Brief -
Could you repeat exactly the lines below, from the line containing "Erdgeschosswohnung in 97688" through the last one, both included, while leaving out any pictures?

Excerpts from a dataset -
'''

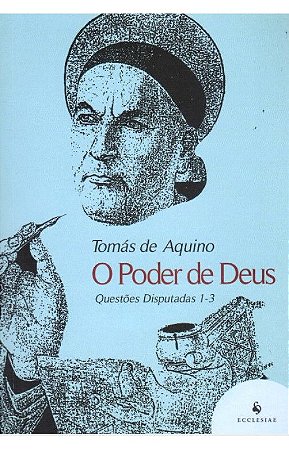 Livro O Poder de Deus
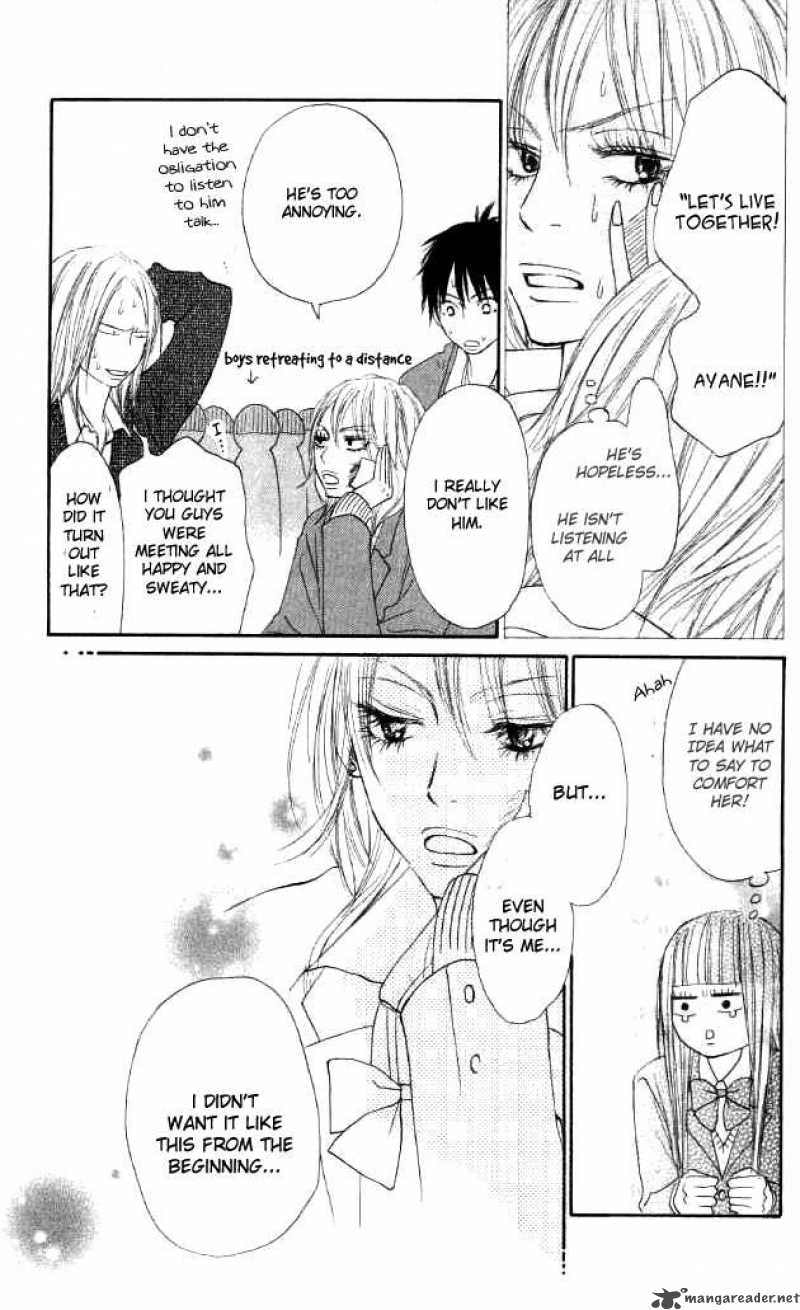 Kimi Ni Todoke 20 12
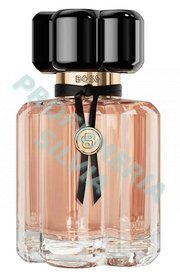 Boss Bottled Beyond for Her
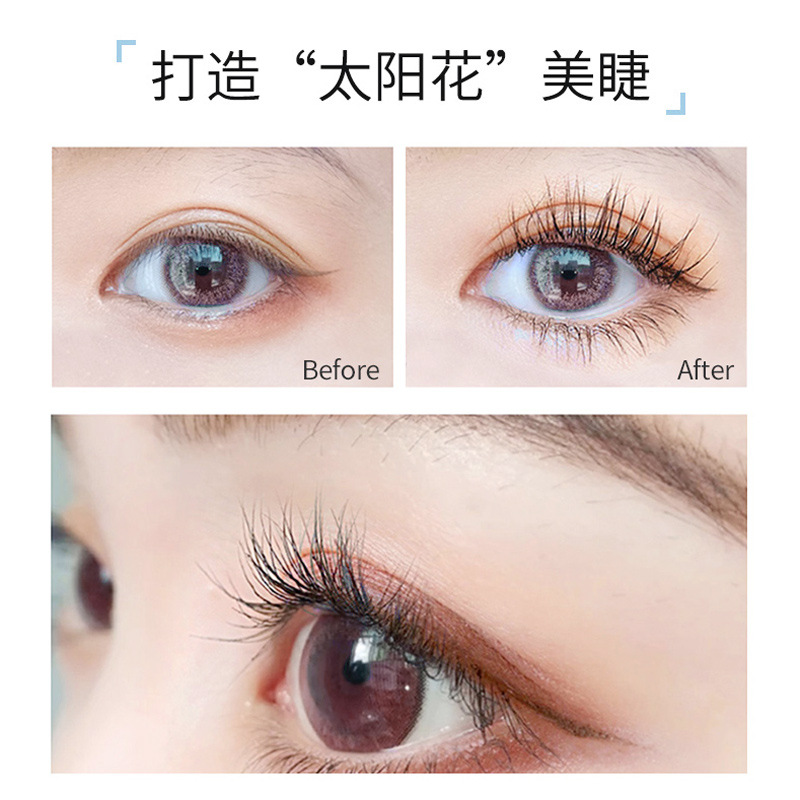 [Hàng mới về] Mascara chuốt mi Hengfang lâu trôi chống nước | BigBuy360 - bigbuy360.vn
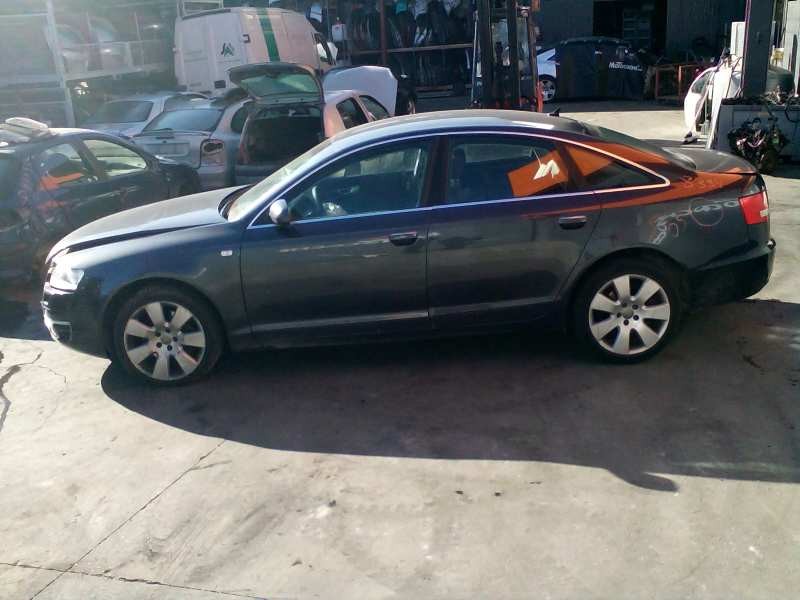 audi a6 berlina (4f2) del año 2005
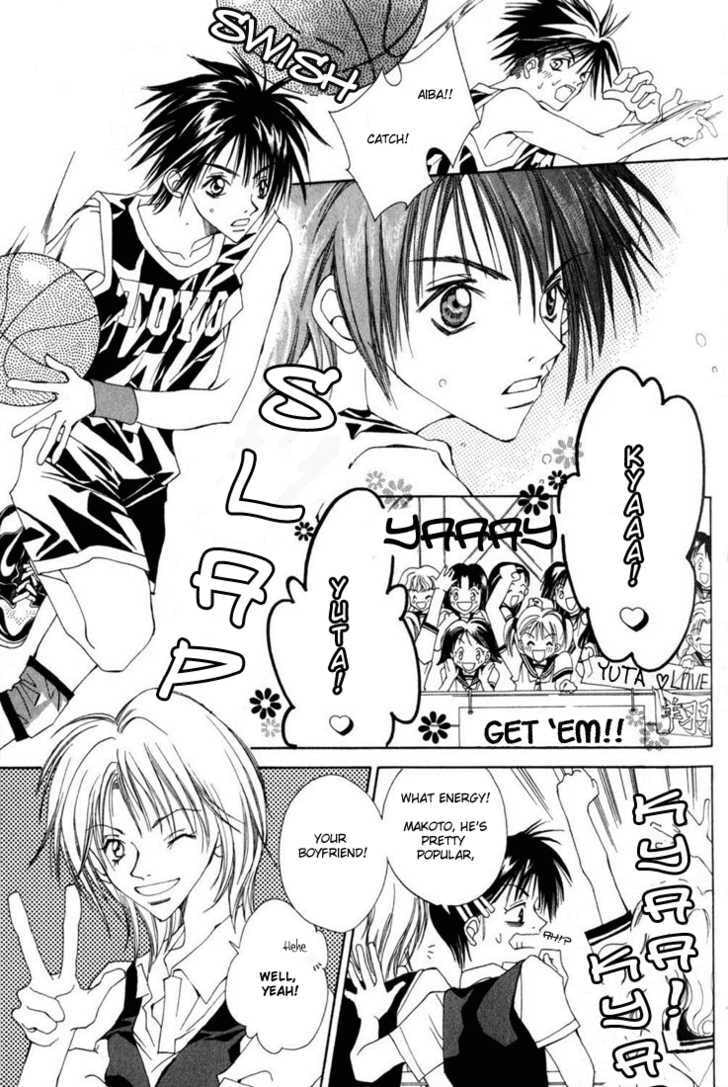 Read Natural Kids chapter 2 image 4 on Lezhin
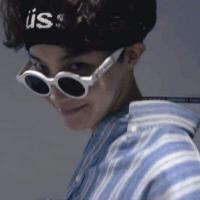 J HOPE te está viendo 7u7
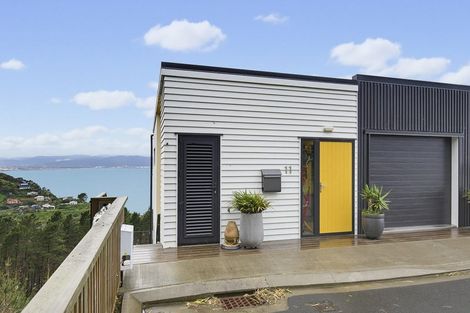 Photo of property in 11 Nanda Way, Khandallah, 6035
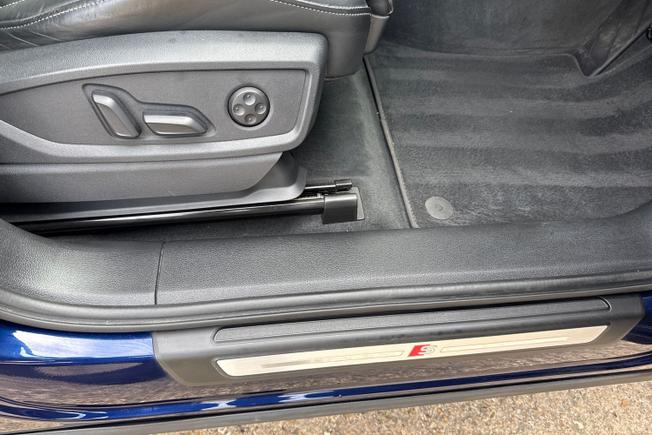 AUDI Q5 Photo 35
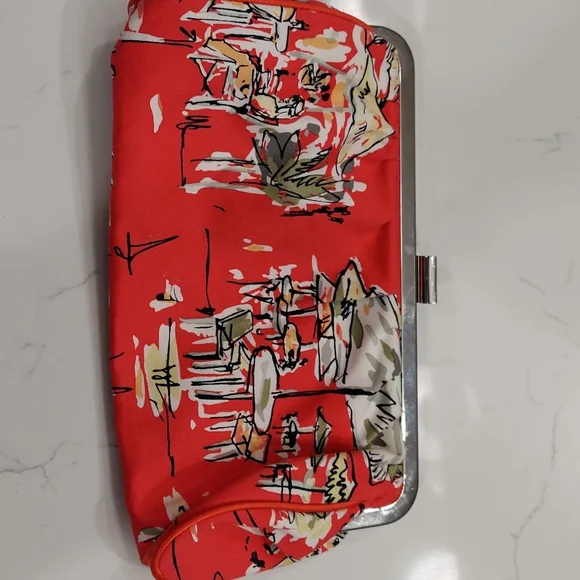 Clutch Purse - Picture 2 of 2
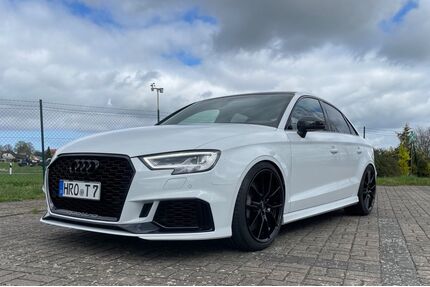 Audi RS3 Gebrauchtwagen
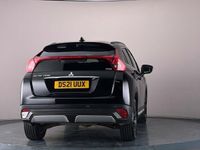 used Mitsubishi Eclipse Cross 1.5 Dynamic 5dr CVT 4WD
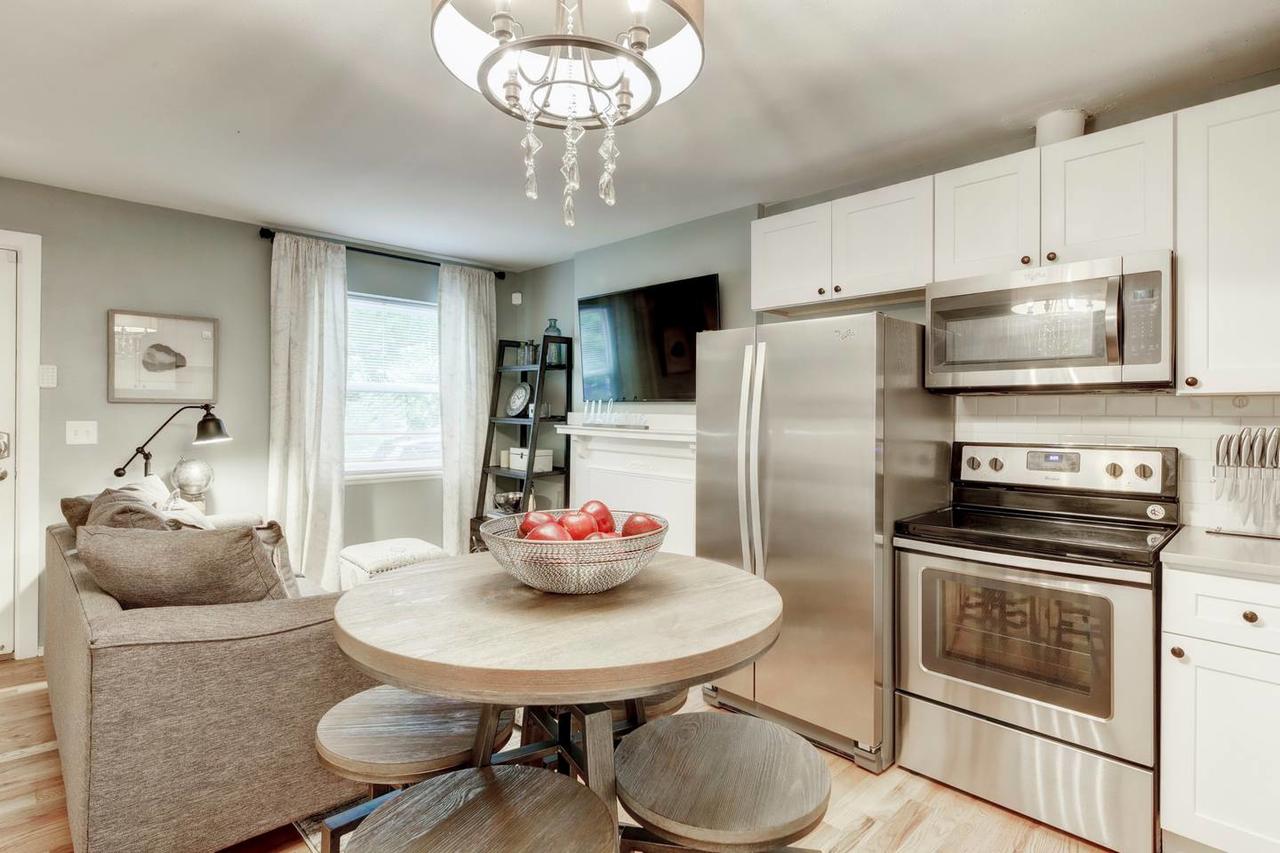 Five Points Trifecta - Denver Condos - Sleeps 16 - thumb 24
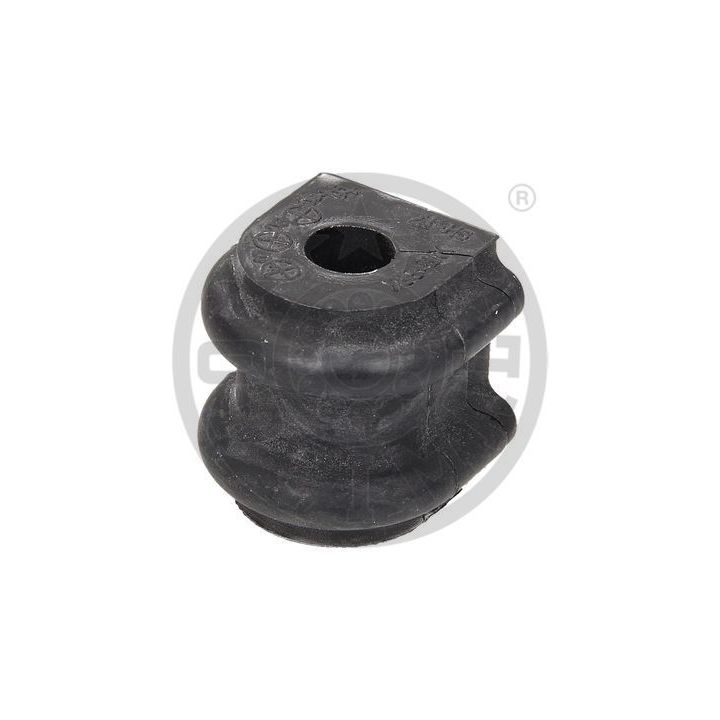 Skersinio stabilizatoriaus įvorių komplektas OPTIMAL F8-8123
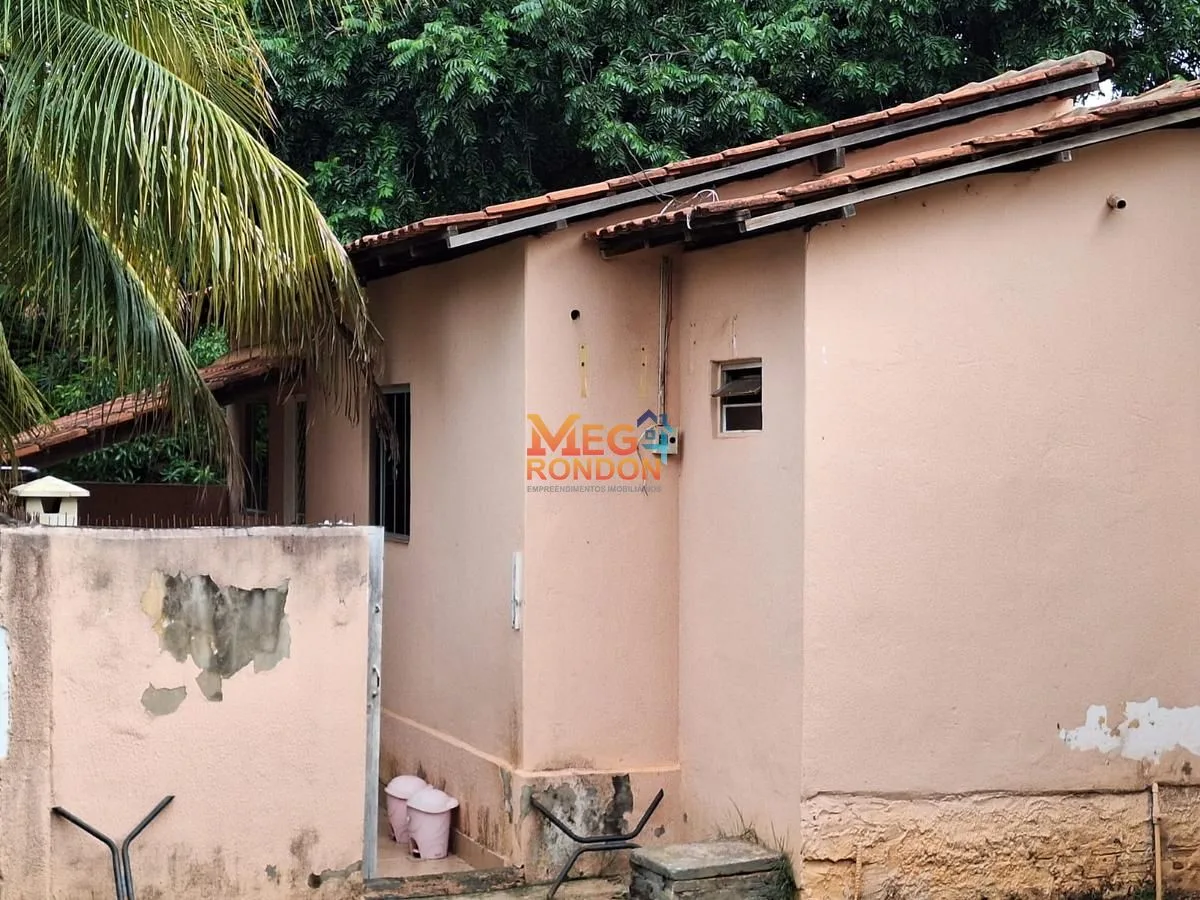 CASA À VENDA BAIRRO JARDIM BEIRA RIO — foto 17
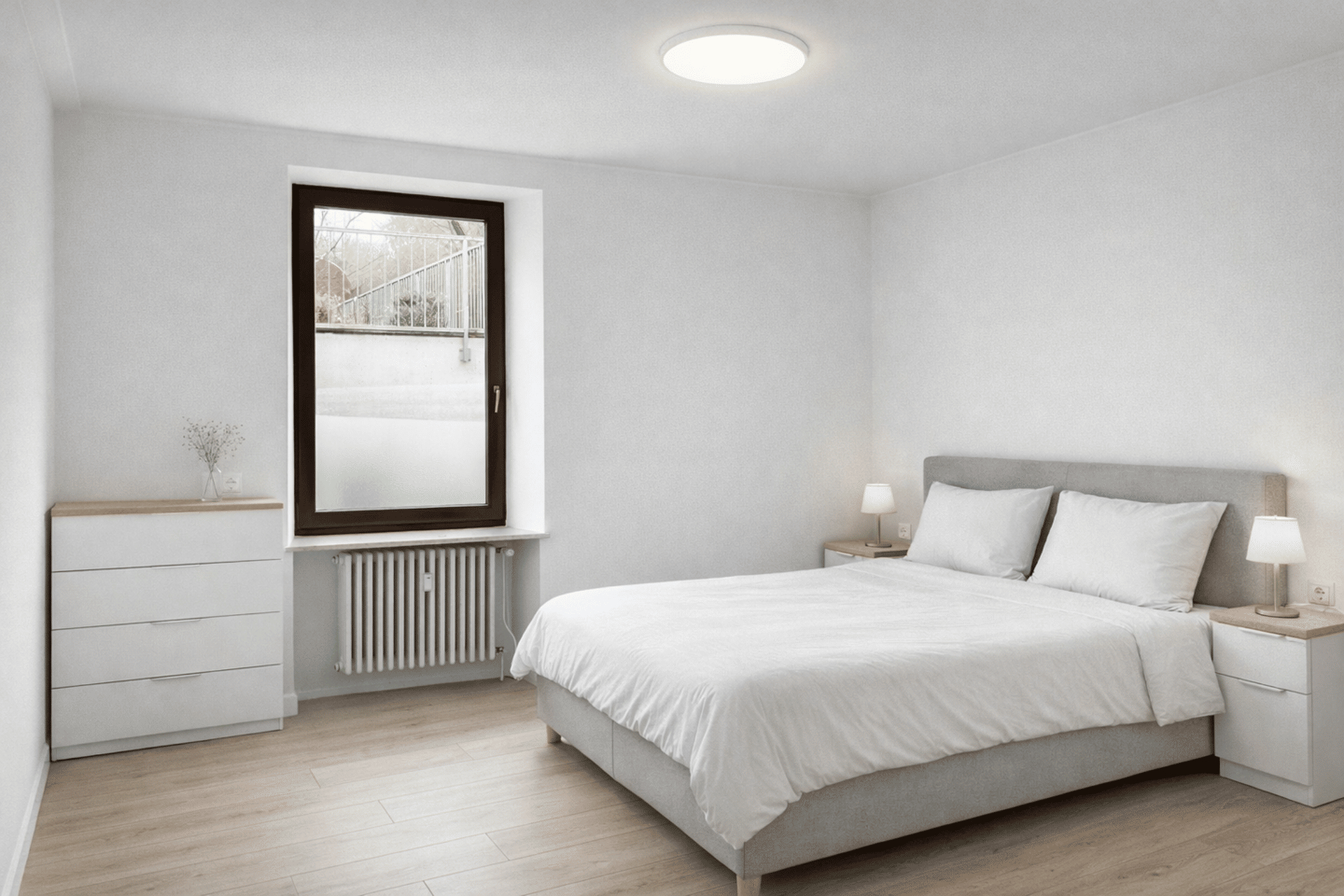 Erdgeschosswohnung in 97688 Bad Kissingen mit 113 m² kaufen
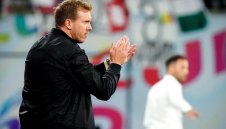 Нагелсман: Байерн иска да дава пример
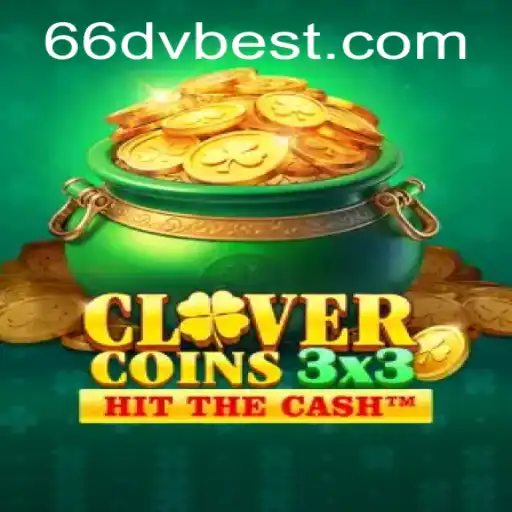 Explorando o Mundo de Clovercoin3x3: Um Jogo Inovador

'''

Result for this exercise -
 Erdgeschosswohnung in 97688 Bad Kissingen mit 113 m² kaufen
 Нагелсман: Байерн иска да дава пример
 Explorando o Mundo de Clovercoin3x3: Um Jogo Inovador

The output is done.